COMPUTING II: COURSEWORK 1
Differentiation and Interpolation of Experimental Data
Your coursework should be handed in at the beginning of next week’s computing lab. session. The files mentioned below may all be downloaed from the CompII website. Make sure you write your name on all work you hand in and attach a plagiarism statement (Q:/salford/comp2/plagrsm.doc).
You learnt about the photoelectric effect in the 1st semester Quantum Physics module. This effect is commonly used in electron spectroscopy to investigate the chemical composition of a material. Electrons are ejected from a sample of the material using photons of sufficiently high energy and spectra of the number of electrons as a function of electron kinetic energy are recorded. These spectra can be used as "fingerprints" that identify the presence of a particular element within the sample.

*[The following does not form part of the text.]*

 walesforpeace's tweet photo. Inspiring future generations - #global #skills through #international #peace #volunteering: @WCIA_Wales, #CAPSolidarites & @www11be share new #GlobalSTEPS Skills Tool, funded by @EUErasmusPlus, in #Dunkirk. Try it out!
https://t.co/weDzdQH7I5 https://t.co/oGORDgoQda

In some cases the signal due to the element of interest can be exceptionally weak and it is necessary to differentiate the data to highlight the spectral feature related to that element. Spectral analysis is further complicated by the fact that a large number of electrons on their way out of the solid will collide with the atoms in the solid and thus lose energy. Although we are only interested in the electrons that escape without collision, the other "scattered" electrons produce a strong background signal.
N.B. In answering the following questions use fixed array sizes. For these coursework exercises it is not necessary to use the malloc() function in your programs.
2.1(a) "electron.dat" contains data somewhat similar to that expected from an electron spectroscopy experiment. The first column represents electron energies whereas the second column of values represents numbers of electrons (or electron "intensity"). Write a program that loads the data from the file "electron.dat" into two 1D arrays (each having 100 elements) [1]. (Note that a line of the form: fscanf("%f,%f",&array1[n],&array2[n] may be used to read the data into the arrays). Load the data file directly into EasyPlot and plot a graph - note that the data runs from 100 to 200 eV and that a very small feature at a value of approximately 150 eV is visible.
2.1(b) Add a function to your program that estimates the derivative of the electron intensity data [3]. Use a step size of 1. Import the data into EasyPlot and plot a graph, a copy of which you should hand in with your program.[½]. What happens to the feature of interest following the differentiation process? [½].
2.1(c) Add a function to your program that estimates the number of electrons having a kinetic energy of 121.5 eV based on the known electron intensities at 119 eV, 120 eV, 121eV and 122eV. The function should use the Lagrange interpolating polynomial formula (eqn. 2.10 in the lecture notes). [5]
Guidelines for Q. 2.1(c)
Set up two arrays, each 4 elements in size. One of these will hold the values of the electron energies (i.e. 119,120,121 and 122) and the other will hold the values of the electron intensities at these energies. These arrays are then equivalent to the xi’s (or xj’s ) and f(xi)’s respectively in Eqn. 2.10. Pass both these arrays to the Lagrange() function and use a nested for loop to carry out the summation in Eqn. 2.10. (To check your Lagrange algorithm note that my program produced a value of 59706).